Éric Ciotti a été élu maire de Nice lors des élections municipales qui se sont tenues ce dimanche 22 mars. Avec 48,5 % des suffrages, il a mis fin à près de deux décennies de domination politique locale de son ancien ami Christian Estrosi. Toutefois, ce succès électoral s’accompagne d’une réémergence d’une affaire personnelle sensible liée à la santé de sa mère, Anny Ciotti, dont la situation a suscité des interrogations et des controverses au fil des années.
EN BREF
- Éric Ciotti remporte la mairie de Nice avec 48,5 % des voix.
- Sa mère Anny, tétraplégique depuis un AVC, fait l’objet de controverses sur sa prise en charge.
- Les critiques sur les frais d’hospitalisation ont été relayées à l’Assemblée nationale.

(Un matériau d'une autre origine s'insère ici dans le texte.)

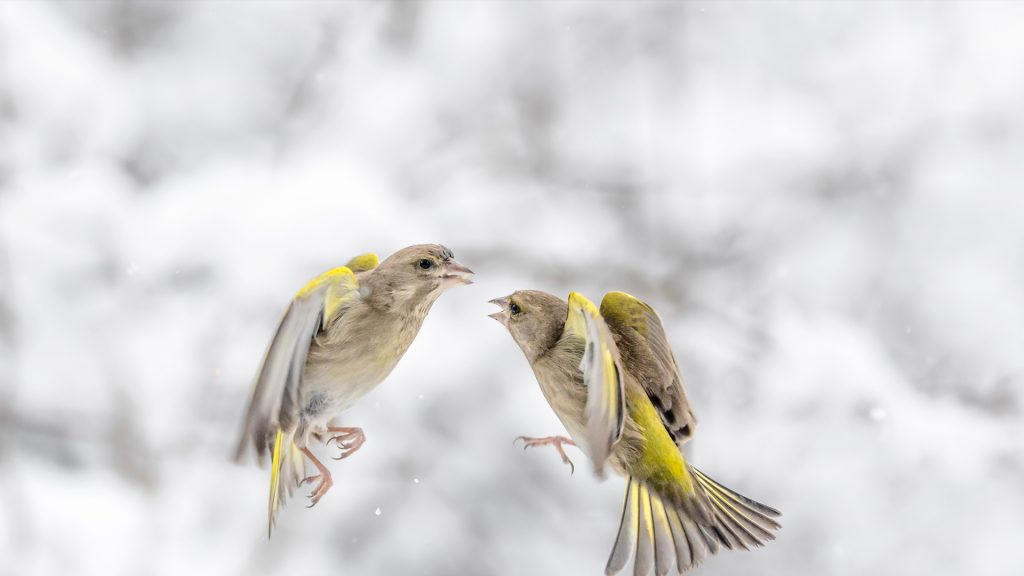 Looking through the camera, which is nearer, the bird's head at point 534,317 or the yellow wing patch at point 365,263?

Anny Ciotti, victime d’un grave accident vasculaire cérébral en 2000, est aujourd’hui tétraplégique et dépendante. Depuis 2004, elle est hospitalisée dans un établissement public de la vallée de la Vésubie, un service généralement destiné aux séjours de courte durée. Cette situation a été mise en lumière par une enquête de Mediapart en 2023, qui a mis en avant la prise en charge jugée inadaptée à la durée d’hospitalisation de sa mère. Bien qu’il existe des structures de soins de longue durée à Nice, celles-ci impliquent des frais d’hébergement non couverts par la Sécurité sociale.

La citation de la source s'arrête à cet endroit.